───── The data

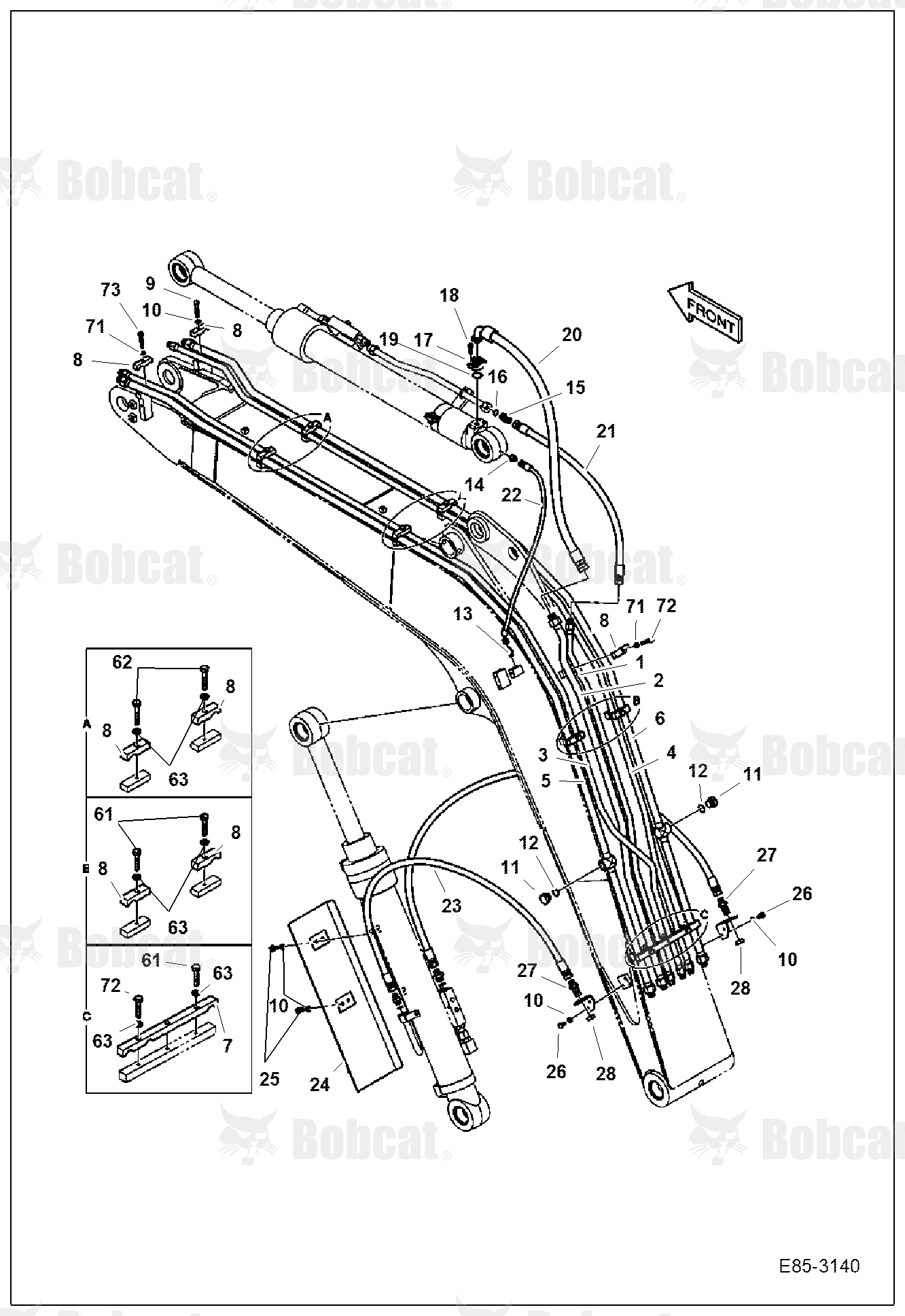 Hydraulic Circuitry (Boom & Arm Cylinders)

──────────
───── The data

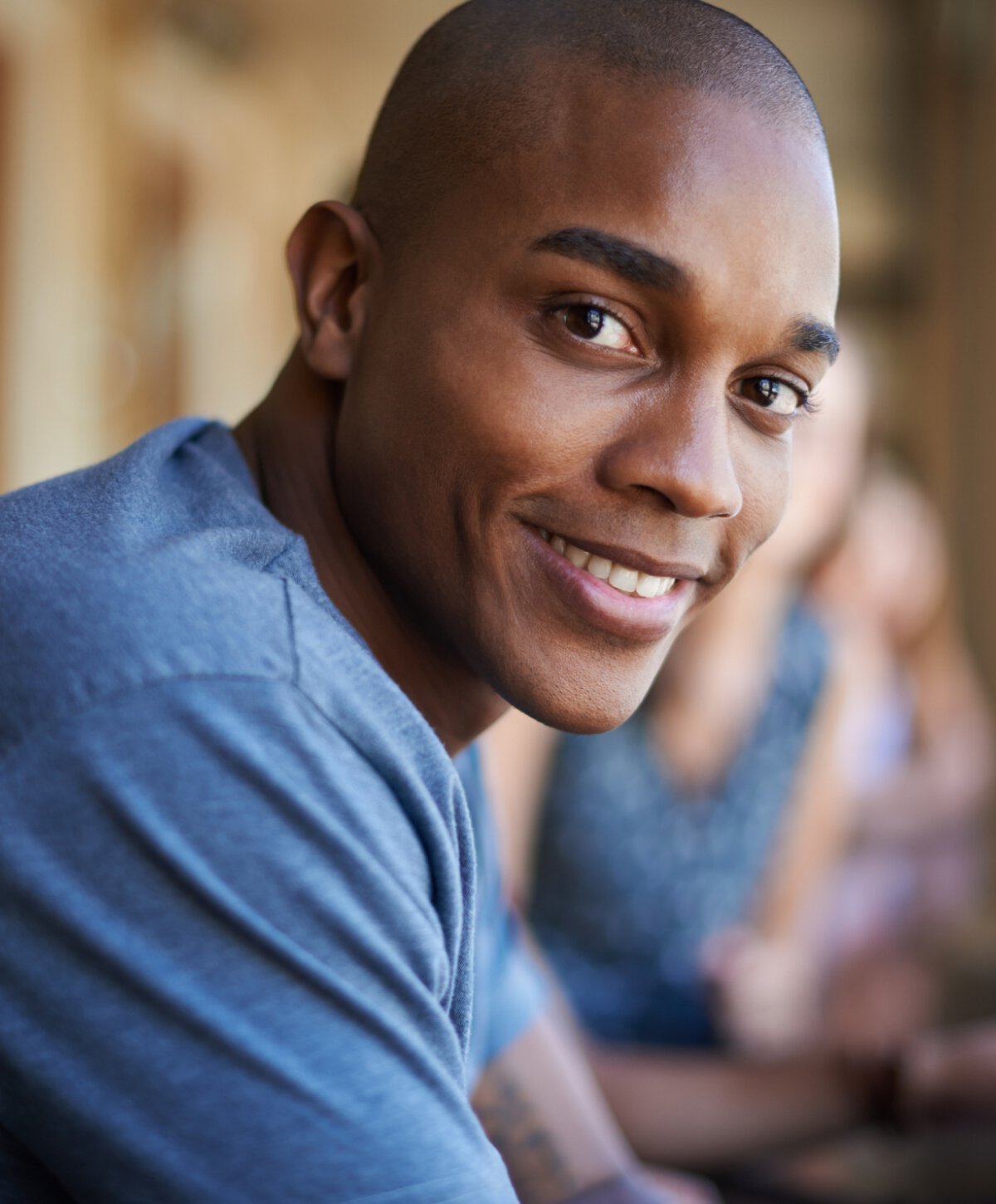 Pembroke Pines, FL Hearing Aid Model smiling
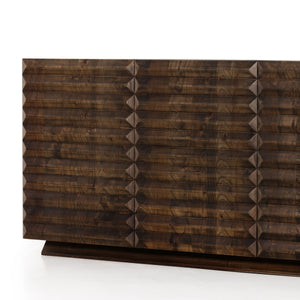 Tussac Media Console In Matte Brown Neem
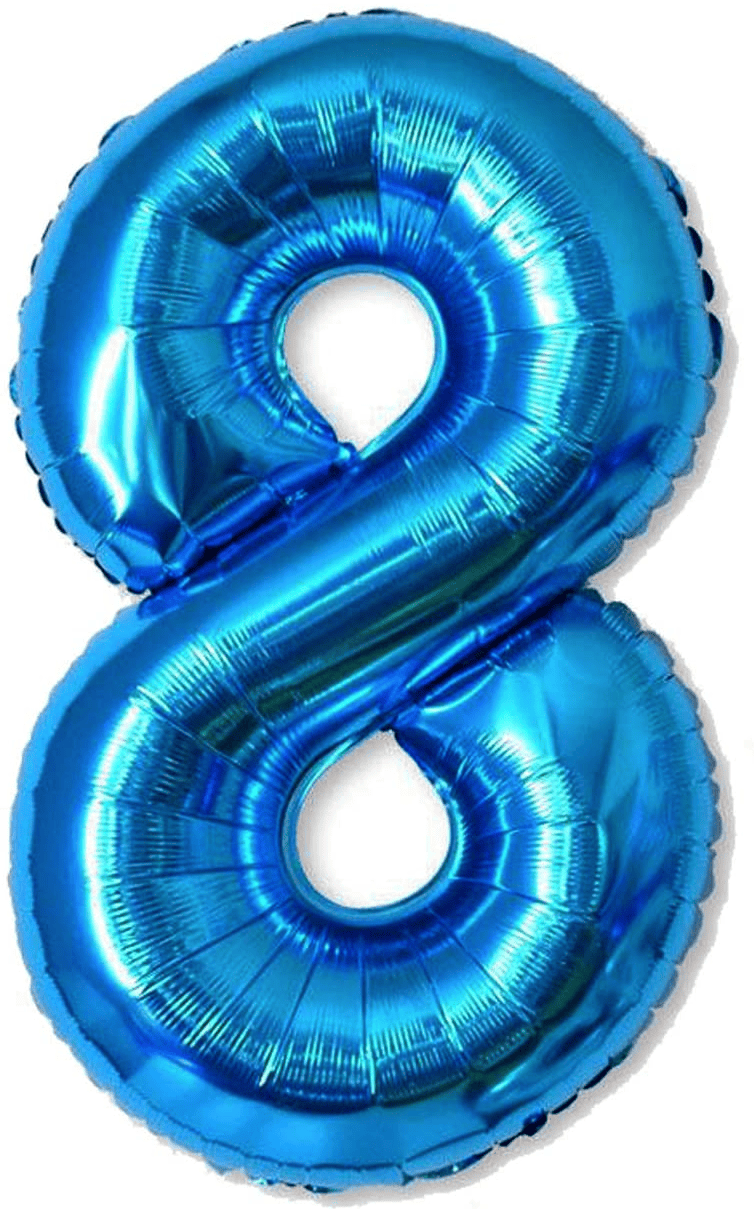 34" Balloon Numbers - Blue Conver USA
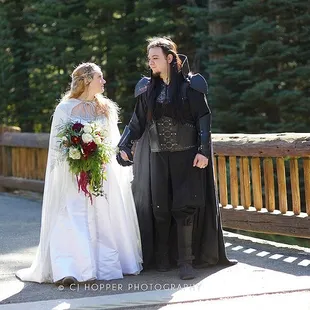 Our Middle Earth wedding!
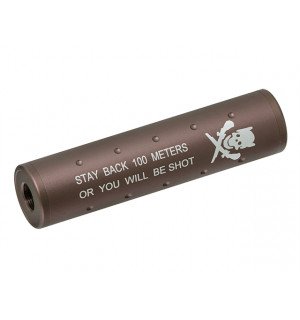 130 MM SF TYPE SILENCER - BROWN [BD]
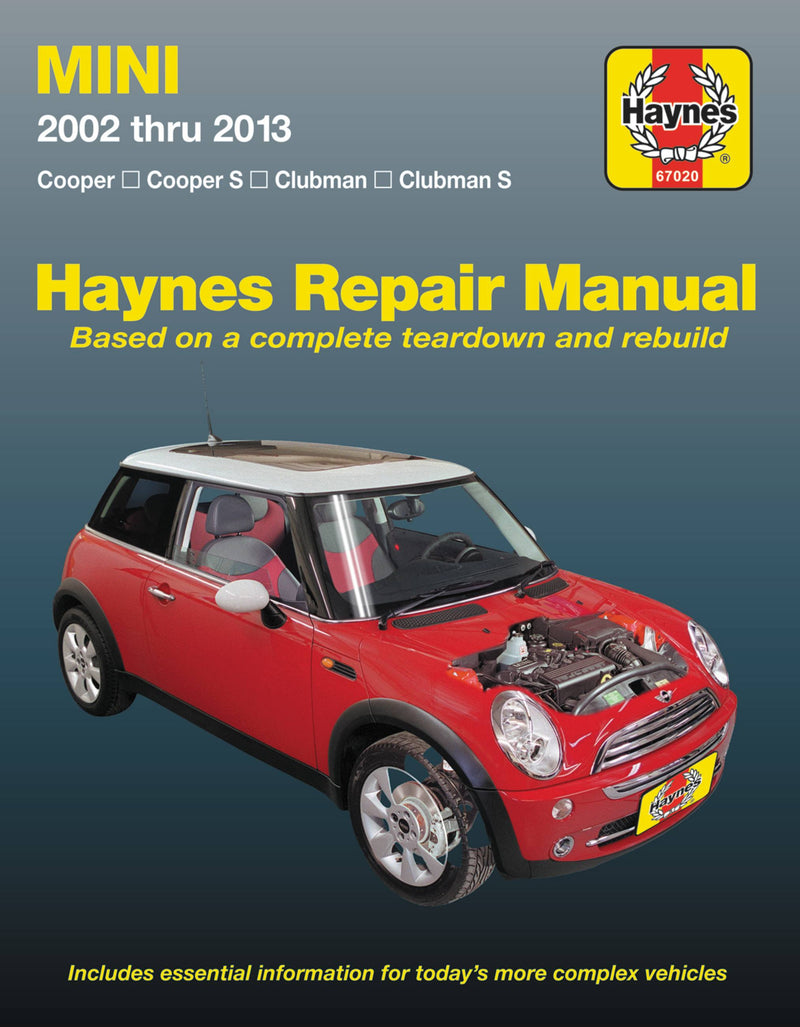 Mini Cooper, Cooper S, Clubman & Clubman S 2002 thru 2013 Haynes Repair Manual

──────────

Task instructions: Only the lines starting at the one that includes "Tussac Media Console In Matte Brown Neem" and ending at the one that includes "Mini Cooper, Cooper" should be retyped, exactly, from the records above; no pictures.

Answer space:
 Tussac Media Console In Matte Brown Neem
 34" Balloon Numbers - Blue Conver USA
 Our Middle Earth wedding!
 130 MM SF TYPE SILENCER - BROWN [BD]
 Mini Cooper, Cooper S, Clubman & Clubman S 2002 thru 2013 Haynes Repair Manual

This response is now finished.